Cumbria: A Book of Days
This book is the product of a lifetime’s work, listening, learning, reading and researching from the founder and owner of Hayloft Publishing, Dawn Robertson. It is an almanac; a jigsaw of fragments of Cumbria’s extremely rich history from earliest times to the present, illustrated with more than 300 drawings, maps and photographs.
The vast territory of Cumbria is a borderland; an area shared historically by Scotland and England, with close connections to Ireland and further to the Nordic countries. Bordered by sea to the west and the Pennines to the east, access was never easy, especially in the Lake District’s rocky kernel, with high mountains, deep lakes and often treacherous terrain.
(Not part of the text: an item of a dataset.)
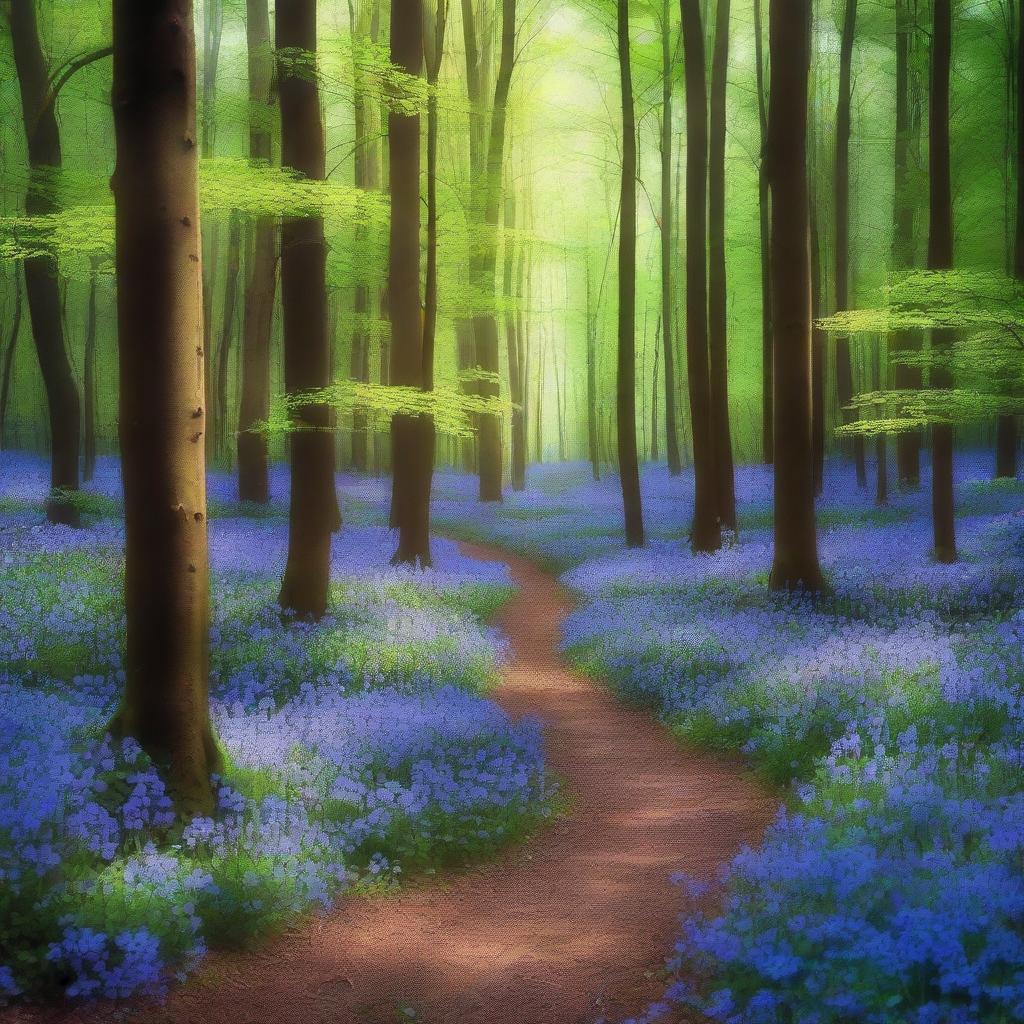 A picturesque scene in a dense forest where a trail of sparkling blue flowers leads deeper into the woods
Cumbria’s prehistoric monuments span almost 4,000 years – scattered across the county are mysterious sites from isolated standing stones to stone circles and hillforts. The county was on the edge of the Roman Empire, gaining from European connections to the south and bordered by Hadrian’s Wall to the north. Later the area became a patchwork of kingdoms and small wars, especially against the newly arrived Saxons from the east and the Scots to the north.
With its varied geology, Cumbria is naturally rich in minerals providing the raw materials for items from Stone Age axes to ocean liners. Later centuries saw an explosion of industrial development, especially along the coast where transport was easiest.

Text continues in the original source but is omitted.